Il y a des centaines de silences. Il faudrait énumérer patiemment le silence banal de l’étang, celui de la maison abandonnée, le silence de l’orage lointain, de l’usine lointaine, avec leurs éclairs à voix perdue, celui de la terreur des oiseaux quand la buse est tombée comme une pierre près des taillis. Le silence du pêcheur ahuri qui a laissé choir sa montre dans la rivière et qui a soudain la certitude que l’éternité est mêlée à son humble histoire. Irons-nous chercher enfin le silence le plus sauvage sur les quais déserts d’où filent des rails rouillés par les larmes du dernier voyageur qui ne savait pas que la station était désaffectée. Ou peut-être ce sera dans la neige qui a étouffé les réveille-matin du village et surélevé le monde, charmante pour les sabots et dévorant les mal chaussés. Et les pas des enfants qui deviendront, un jour, des ancêtres oubliés.

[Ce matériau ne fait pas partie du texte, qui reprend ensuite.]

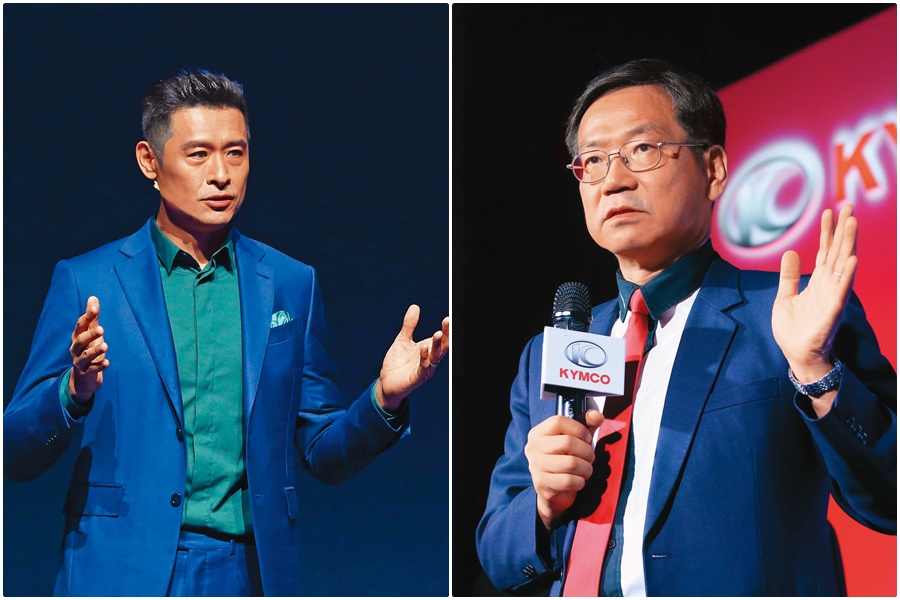 光陽23年來首度痛失油車銷售冠軍，柯勝峯（左）出手改革掌兵符，拚2024年重返榮耀。柯俊斌（右）續掌油車通路，強調以執行長身分率領光陽銷售成長。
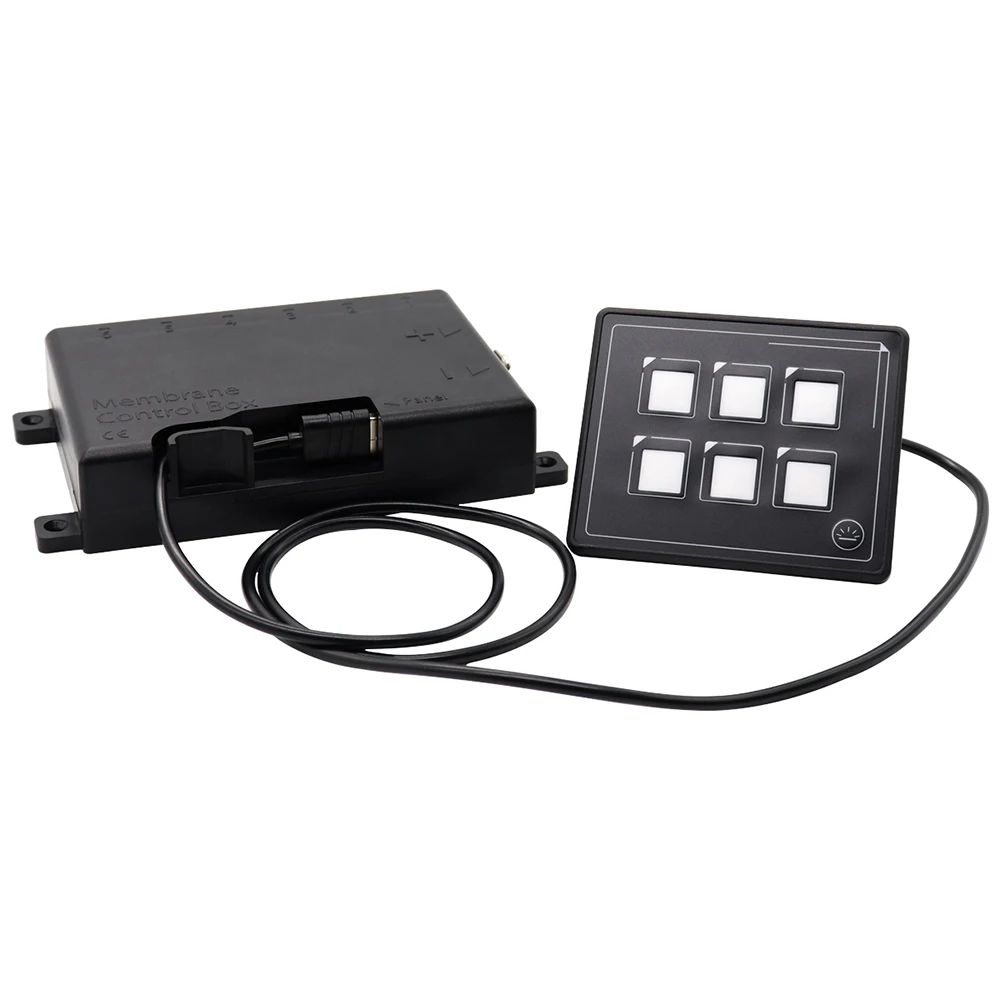 12v 24v кнопка-переключатель панели 6-контактный переходник с внутренней пленка Водонепроницаемый IP66 Универсальный цепи Управление+ PPTC w/USB кабель& мембрана Управление коробка
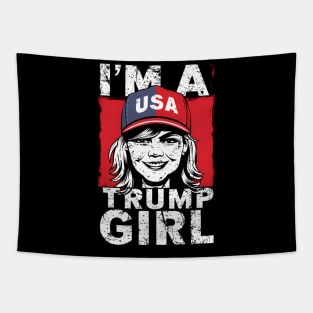 I'M A Trump Girl Election Usa America Tapestry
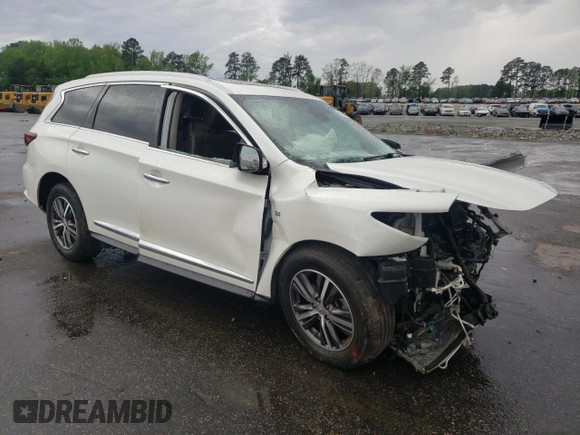 2019 Infiniti QX60 Pure z VIN 5N1DL0MM3KC516209, wystawiony jako Copart lot #52033965 z przebiegiem 73 846 mil mil oraz Szkoda całkowita • Salvage title. Historia ofert i sprzedaży dostępna na DreamBid. Obrazek 4.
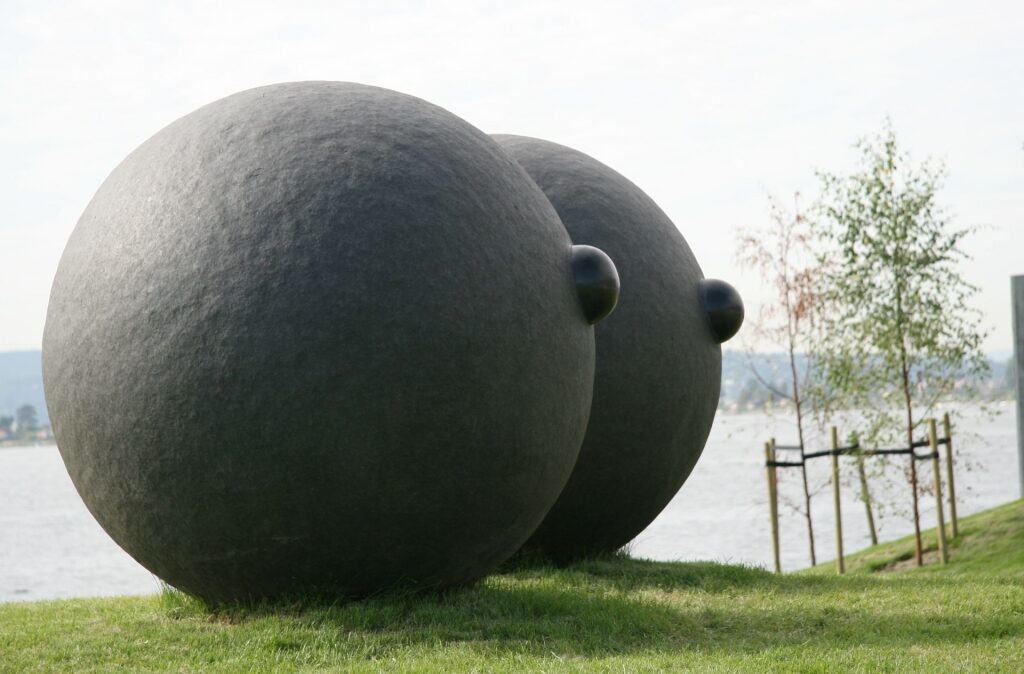 Eyes at the Tjuvholmen Sculpture Park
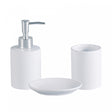 Conjunto 3 Peças para Banheiro de Cerâmica Lille Branco - Lyor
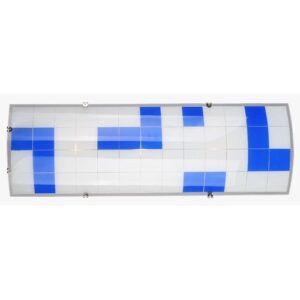 Fluorescente Superficie Tetris Azul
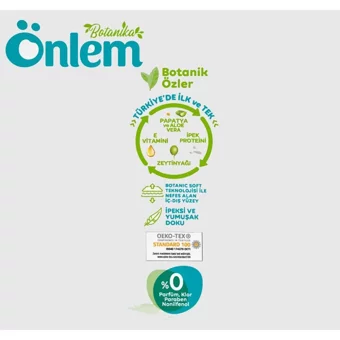 Önlem Botanika X-large 6 Numara Organik Cırtlı Bebek Bezi 60 Adet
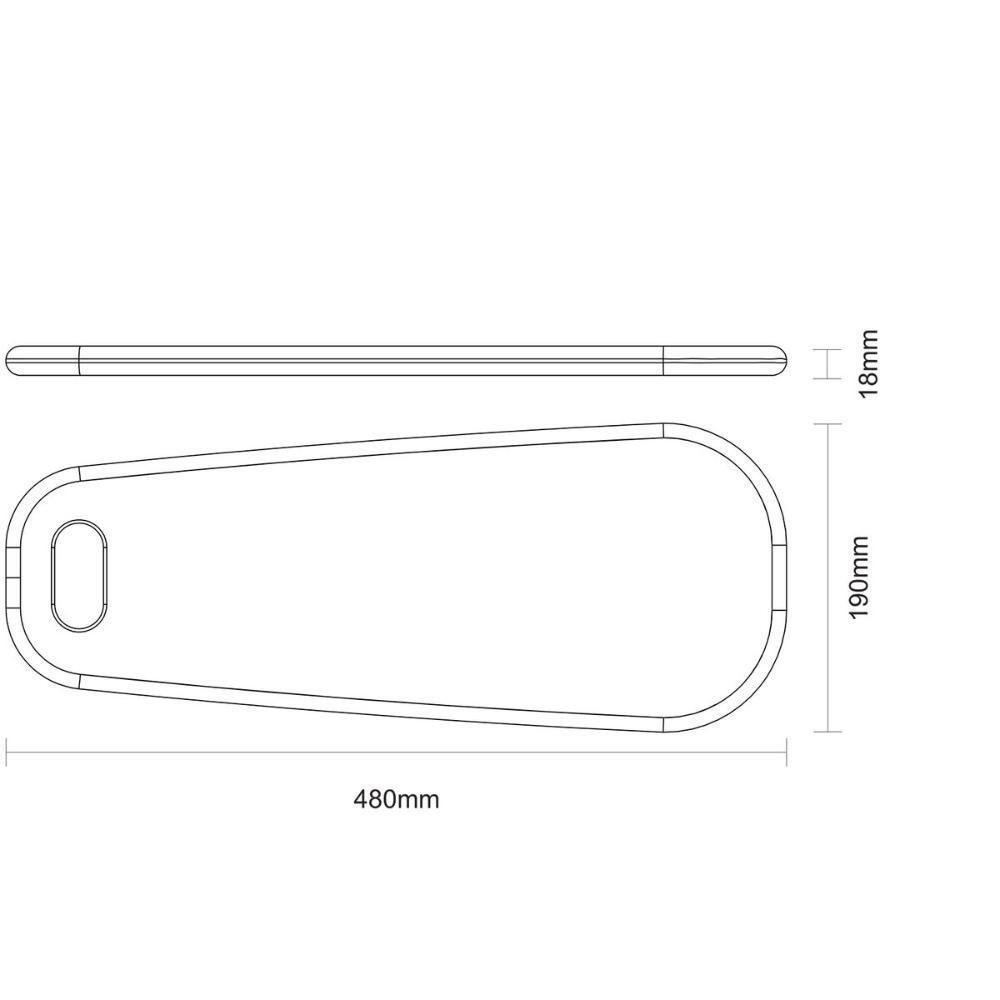 Tábua Para Antepasto Tramontina Provence Em Madeira Teca Fsc 48x19 Cm - 2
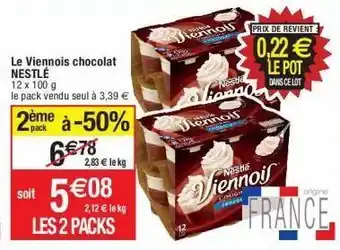 Cora x Carrefour Desserts au chocolat nestlé offre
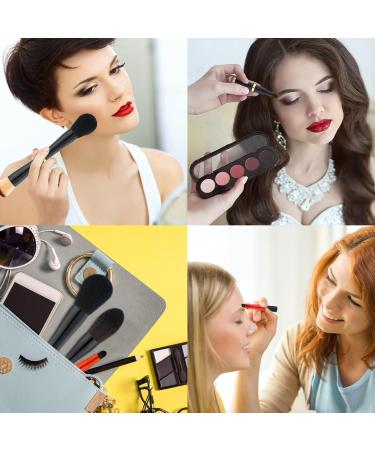 Zubebe 2 Pcs 4 in 1 Makeup Brush Set - Contouring Foundation Blush & Eyeshadow Brushes | Travel-Friendly Double-Ended Design for Liquid & Cream Makeup - Buy Online on GoSupps.com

Enfin, pour en revenir au silence, il y aurait encore à chercher ici bas l’être le plus silencieux, non celui qui ne parle jamais, pas forcément la taupe ou le butor, mais peut-être quelque paysan perdu dans un village et dont un seul geste saurait décrire pour nos coeurs le ciel étoilé, l’espoir des prairies, la jeune fille aux épaules aussi simples que la terre. Mais c’est, comme on dit, une autre histoire.